About Oriental Medicine
Traditional Oriental Medicine is a comprehensive system of health care, of which Acupuncture is a part. It has a continuous clinical tradition over 5,000 years old.
Oriental medicine and acupuncture, works with your natural vital energy, Qi, to help promote health and healing. Viewing people as an extension of nature, and as such we mirror nature’s seasonal cycles. Allowing the seasons to be wonderful examples because their ceaseless cycle reminds us that there is no beginning and no end to Qi energy, only change and transformation.
In turn, the body is regarded as a “landscape,” with all aspects of our being, being mutually dependent on one another and the world around us. This is exemplified by the foundation of the medicine’s philosophy—the relationship between the interdependent energies of yin and yang. As Huang Di, author of the Nei Jing, the original Chinese medical text, explained it:
The law of yin and yang is the natural order of the universe, the foundation of all things, mother of all changes, the root of life and death. In healing, one must grasp the root of the disharmony, which is always subject to the law of yin and yang.

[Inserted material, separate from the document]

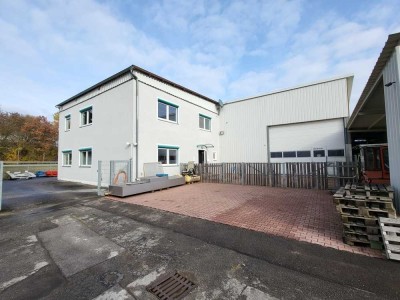 Direkt an der B16: Wohn-/Geschäftshaus mit Halle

Classical Acupuncture treats the mind, body and spirit, not just the disease by using the body’s natural healing processes to effect relief.
How does it work?
Oriental medicine is based on an energetic model rather than the biochemical model of Western medicine. The ancient Chinese recognized the vital energy behind all life forms and life processes. They called this energy Qi (pronounced “chee”).

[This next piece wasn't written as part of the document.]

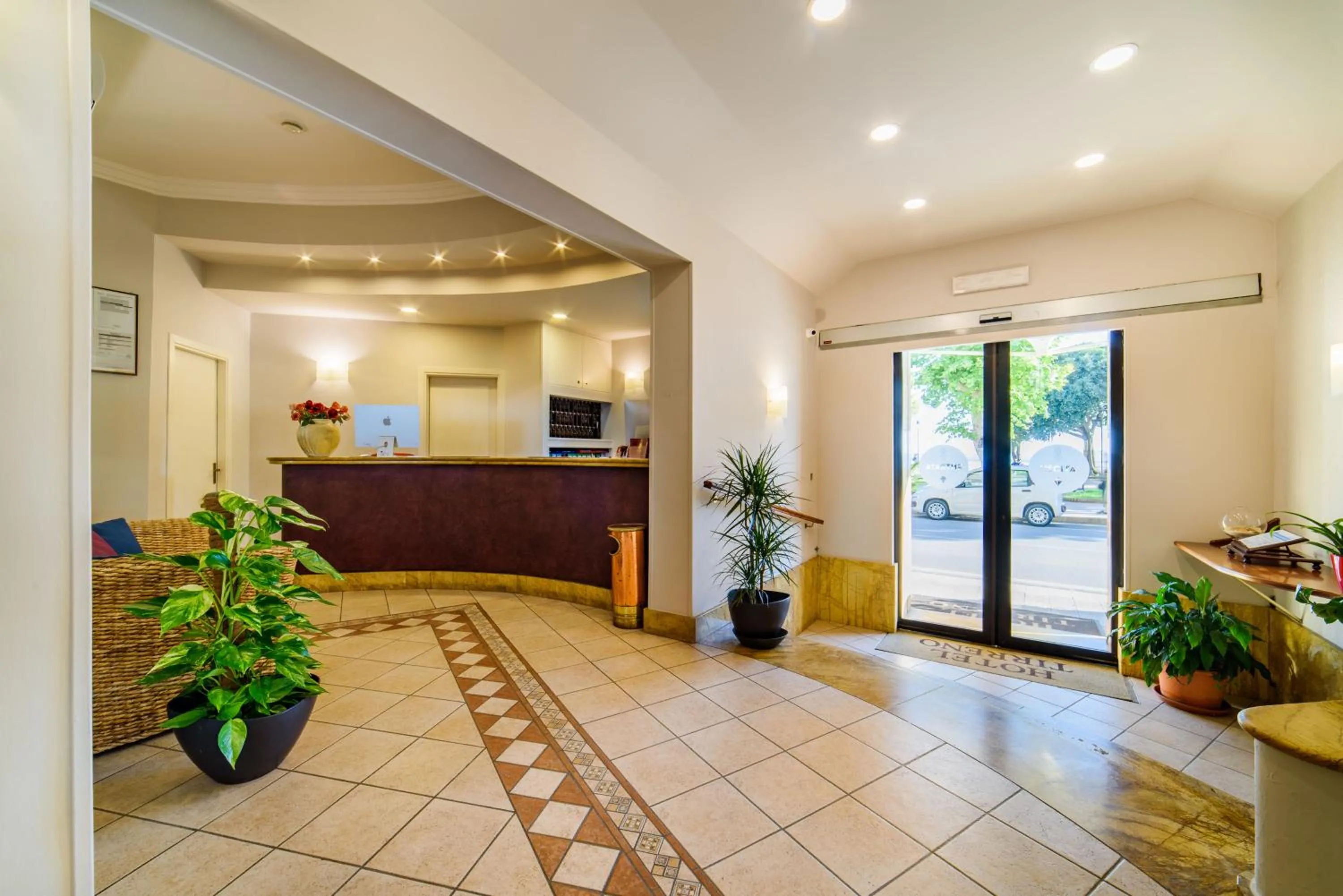 Lobby or reception in Hotel Tirreno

In developing an understanding of the prevention and cure of disease, the ancient physicians discovered a system of cyclic energy flowing in the human body along specific pathways called meridians. Each pathway or meridian is associated with a particular physiological system and internal organ.
Illness and disease are considered to arise because of deficiency or imbalance of vital energy in the energetic pathways and their associated physiological systems.
The pathways or meridians of energy communicate with the surface of the body at specific locations called acupuncture points. Each point has a predictable effect upon the vital energy passing through it. Modern science has been able to measure the electrical charge at these points, thus corroborating the locations of the meridians mapped by the ancients.